Возвратись в Петербург, могли ли наши либералы удовлетвориться пошлою полковою жизнью и скучными мелочными занятиями и подробностями строевой службы, которые от них требовали строго начальники, угождая тем врожденной склонности Александра и братьев к фрунтомании, солдатской вытяжке, одиночному учению и проч., несмотря на то, что опыты двухлетней жестокой войны с неприятелем самым искусным могли бы, кажется, убедить Александра, что не от этих мелочей зависит победа. Притом русских оскорбляло явное предпочтение, оказываемое императором всем вообще иностранцам перед его подданными, к которым он и не скрывал своего неуважения: присоединенной Польше он даровал конституционные установления, которых Россию почитал недостойной.

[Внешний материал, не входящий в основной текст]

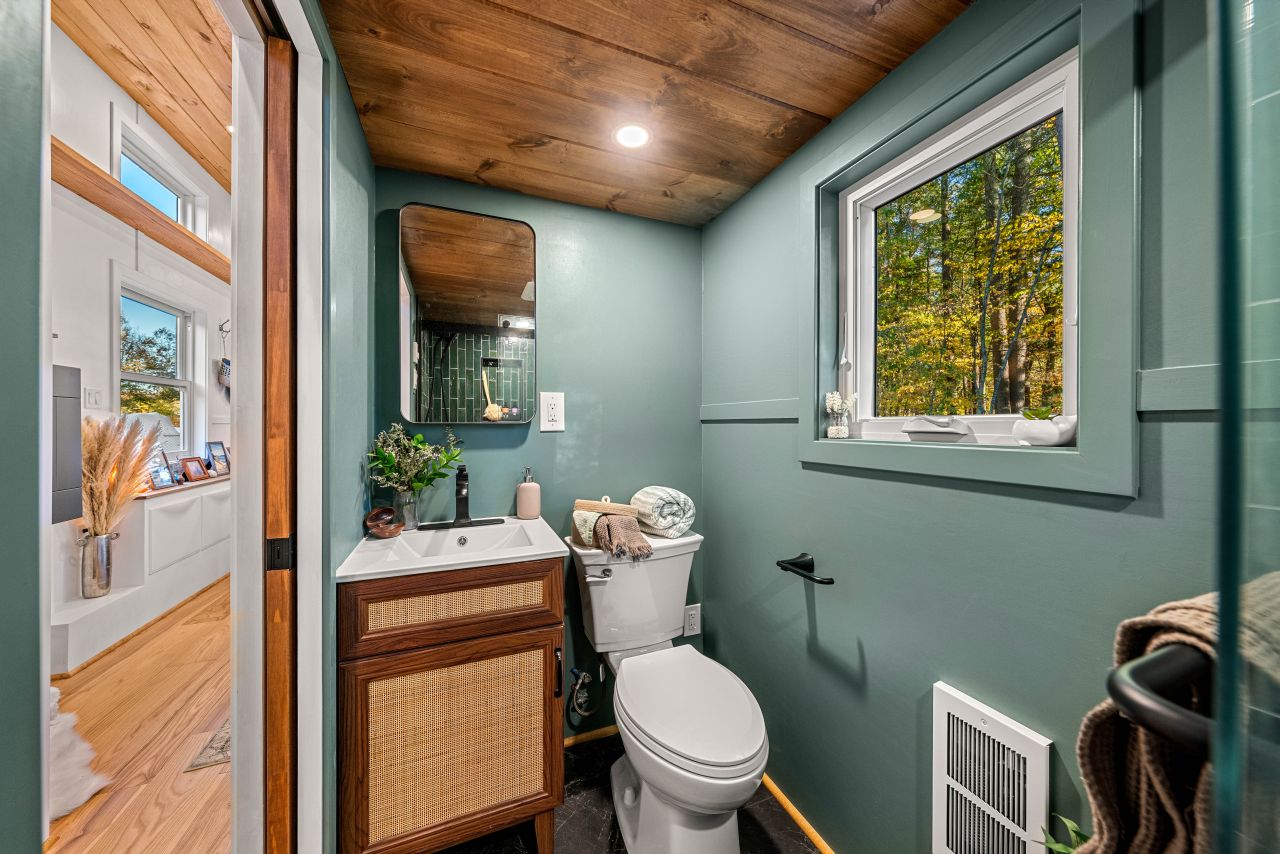 Beachcomber tiny house on wheels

Пока осмысленные русские патриоты могли еще ожидать от самого Александра благодетельных преобразований, которые, ограничив его самовластие, сколько-нибудь улучшили бы состояние народа, они готовы были усердно содействовать его благим намерениям, но когда они убедились в совершенном изменении его прежнего свободолюбивого образа мыслей после войны, по вредному влиянию на него Меттерниха, когда узнали о политических действиях его на конгрессах Венском, Ахенском, Лейбахском, Веронском, на которых Александр со своими союзниками обнаружил неприязненное чувство к свободе народов, то самые восторженные почитатели его в блистательную эпоху занятия Парижа совершенно охладели к нему. Но по окончании войны ничто столько не возбуждало негодования общественного мнения против Александра, не одних либералов, а целой России, как насильственное учреждение военных поселений. Кто первый внушил императору эту несчастную мысль, неизвестно. Всего вероятнее, что, желая первенствовать в Европе, он сам придумал ее для того, чтобы сколько возможно более умножить свои военные силы с меньшими издержками для казны. В придуманном им плане военной колонизации, волости целых уездов из государственных крестьян поступали в военное ведомство. Все обыватели этих волостей, в которые водворялись пехотные и конные полки, делались солдатами: их распределяли по ротам, батальонам и эскадронам, которые должны были составлять резервы своих полков. Насильственно подвергали несчастных поселян строгой военной дисциплине, обучали военному строю, и они должны были отправлять военную службу и вместе с тем заниматься сельскими полевыми работами, под надзором военных начальников для продовольствия своего и полков, в их волостях водворенных.